La década del 70 del siglo pasado se caracterizó no solo por los desaciertos económicos, sino también por la decisión de ciertos políticos de figurar en la pasarela, cual desfile de ideologías, en plena Guerra Fría, haciendo guiños al lado izquierdo y ceños fruncidos al lado derecho.
Esto favorecía la buena sintonía entre el gobierno de turno y el sindicato comunista hasta llegar, al inicio de los 80, al éxtasis: la salida de la Compañía Bananera y el empobrecimiento de decenas de miles de habitantes de la zona sur –otrora la región más próspera del país– como daño colateral del logro comunista criollo y el gobernante cómplice.
Al creador de las garantías sociales le tocó enfrentar a la oligarquía de su época –a la cual pertenecía– para dejar su trascendental legado. Sin embargo, la mezquindad de algunos políticos ha minimizado el protagonismo del gobernante en este hecho histórico. Tal conducta no ha favorecido la aparición en el escenario político de líderes capaces de “echarse el país al hombro”, más bien, parece que sus intereses se orientan al logro personal, a la imagen y a la posteridad sin gloria, lo cual se agrava, aún más, con el cogobierno de los sindicatos, cuyo interés es, por ahora, mantener la odiosa desigualdad entre los trabajadores del país, sin importarles el enorme daño que causan a las finanzas públicas.
Nuestros últimos gobernantes –aún no se incluye al actual– han sido rehenes políticos, acomodados a la falsa premisa de “mantener la paz social”, temerosos de las amenazas de un grupito de sindicalistas irresponsables. Todo esto ha ayudado a sustituir el paradigma de “servir a la patria” por el de “todo sapo muere aplastado”, es decir, el gobernante que luche por su pueblo como verdadero estadista tendrá una muerte política análoga a la del citado anfibio.
El estancamiento económico y social que sufrimos la mayoría de los trabajadores del sector privado y los ciudadanos de piso de tierra –desde hace más de tres décadas– son la consecuencia del paradigma vigente: “El síndrome del sapo”, digámoslo así, sin crueldad.
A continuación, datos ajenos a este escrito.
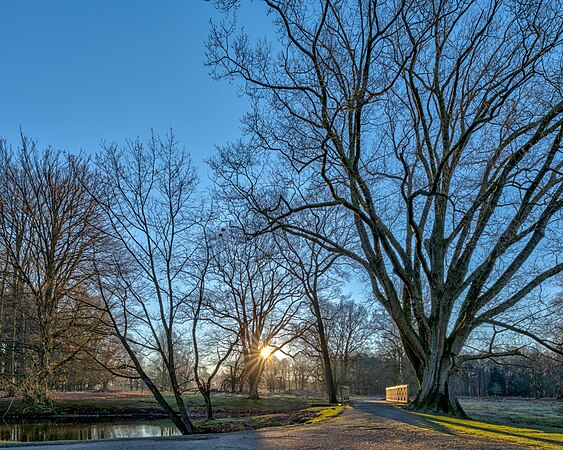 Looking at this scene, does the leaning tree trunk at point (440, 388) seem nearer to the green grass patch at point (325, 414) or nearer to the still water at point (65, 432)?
the green grass patch at point (325, 414)

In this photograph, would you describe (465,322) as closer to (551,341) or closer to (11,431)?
(551,341)

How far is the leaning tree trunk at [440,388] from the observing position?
12.3 metres

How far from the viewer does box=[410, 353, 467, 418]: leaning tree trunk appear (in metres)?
12.3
Igualdad. El artículo 33 de nuestra Constitución dice: “Toda persona es igual ante la ley y no podrá practicarse discriminación alguna contraria a la dignidad humana”, no es necesario ser físico espacial, matemático, abogado, ingeniero, o lo que sea, para entender el artículo. Basta con saber leer y tener una razonable comprensión de lectura.
Un candidato a juez de la Corte Suprema de Justicia de los EE. UU. dijo ante el Congreso de su país: “La interpretación de la ley es la interpretación del sentido común”. Más claro no canta un gallo.
Actuar de manera sesgada o “hacerse el chancho” ante el atropello del artículo 33 no es digno de quienes tienen el deber de aplicar la ley con justicia, ni tampoco lo es para políticos o gobernantes.
Pagar altos salarios, pensiones y privilegios a empleados públicos con el dinero que aportamos en impuestos los trabajadores del sector privado –cuyo destino debe ser la inversión en desarrollo del país– es una burla al 33.
Por otro lado, sería irracional proponer semejantes sueldos y privilegios para el sector privado, a menos que se quiera repetir la “gran obra social” de la zona bananera, pero ahora en toda la nación: quiebra de empresas y salida del país de otras.
Explicación. El presidente, Carlos Alvarado, debe explicar con claridad los alcances del plan fiscal hasta lograr que los habitantes comprendan cómo los afectará y de qué forma eliminaría la desigualdad en remuneraciones entre el sector estatal y el privado, además, cuáles recortes importantes de gastos serán necesarios; quizás de esa manera algunos diputados opuestos perciban mejor lo que el pueblo quiere.
A diferencia de la década de los 40, de las garantías sociales, la lucha es ahora dentro del Estado: por un lado, sindicalistas creando costosos privilegios, por el otro, magistrados decididos a no afectar sus bolsillos; en ambos lados se esconde la máscara socialista y el chaleco de los “derechos mal adquiridos”.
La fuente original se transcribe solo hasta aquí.